Omit all images, then repeat exactly the lines below from the one containing "map of restaurants, bars, coffee" through the one containing "Besler 47-inch SmartTop™", both ends included.

# [SUPPLIED MATERIAL]

◆ ◆ ◆

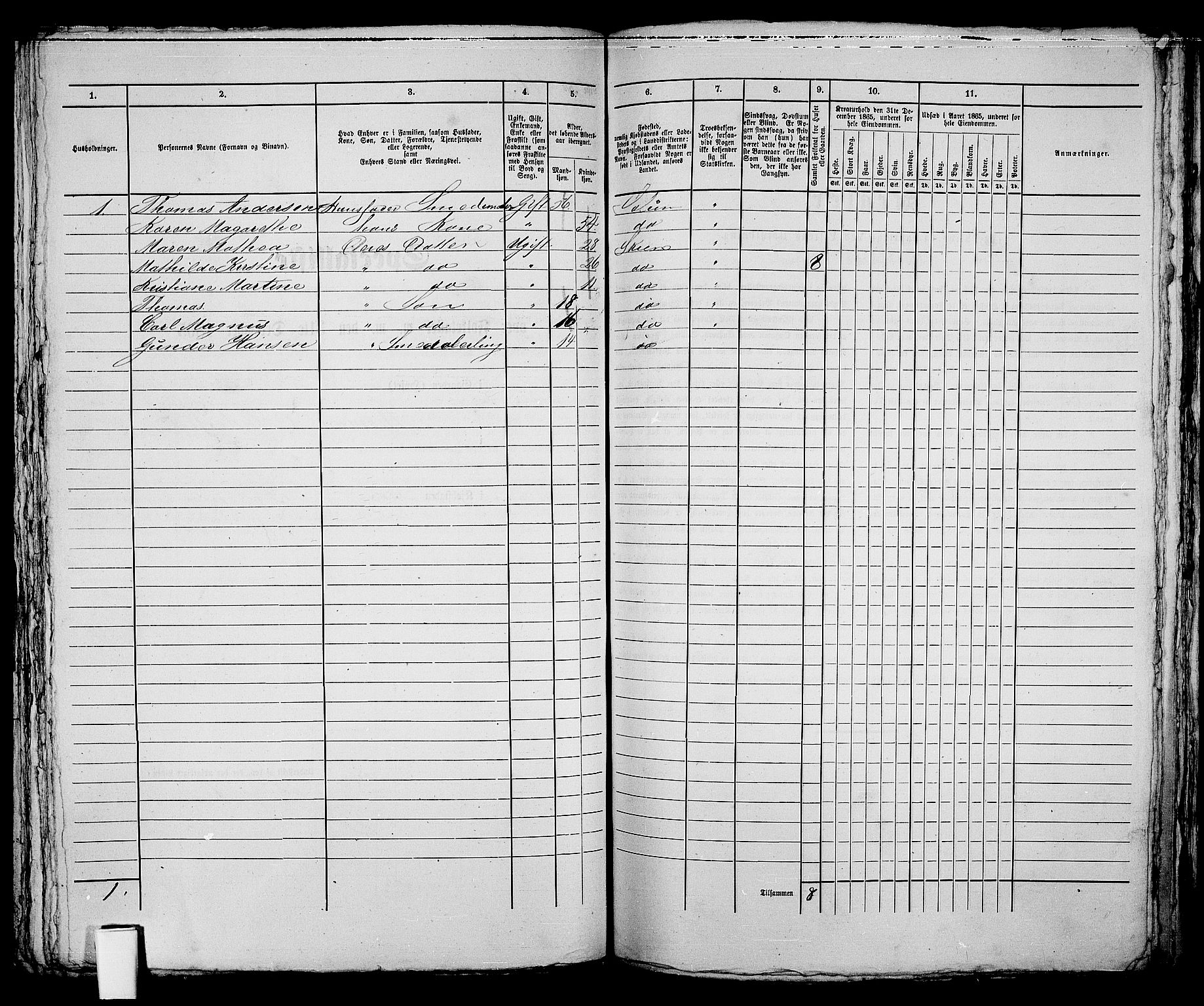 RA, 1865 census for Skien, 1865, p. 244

◆ ◆ ◆

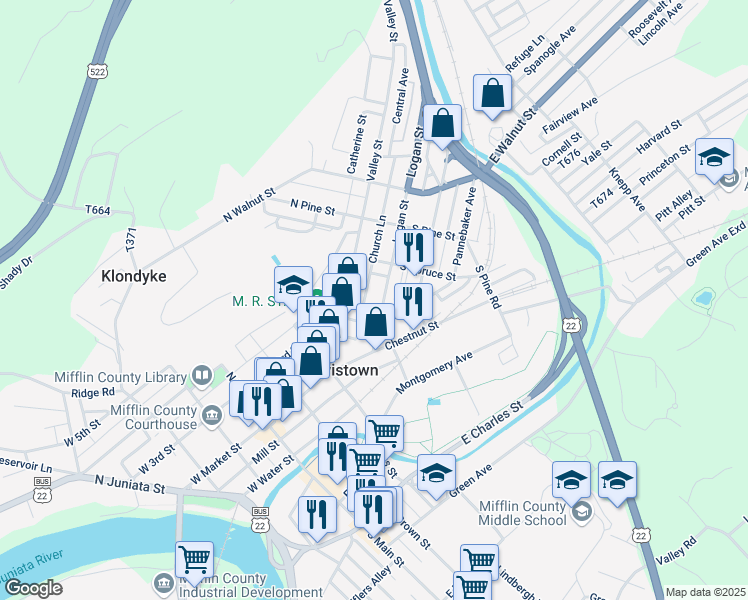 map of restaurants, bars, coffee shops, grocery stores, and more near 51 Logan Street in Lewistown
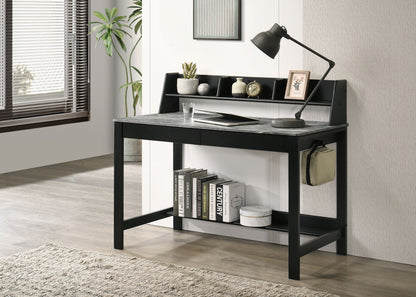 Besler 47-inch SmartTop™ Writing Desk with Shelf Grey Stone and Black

◆ ◆ ◆

# [YOUR RESPONSE]
 map of restaurants, bars, coffee shops, grocery stores, and more near 51 Logan Street in Lewistown
 Besler 47-inch SmartTop™ Writing Desk with Shelf Grey Stone and Black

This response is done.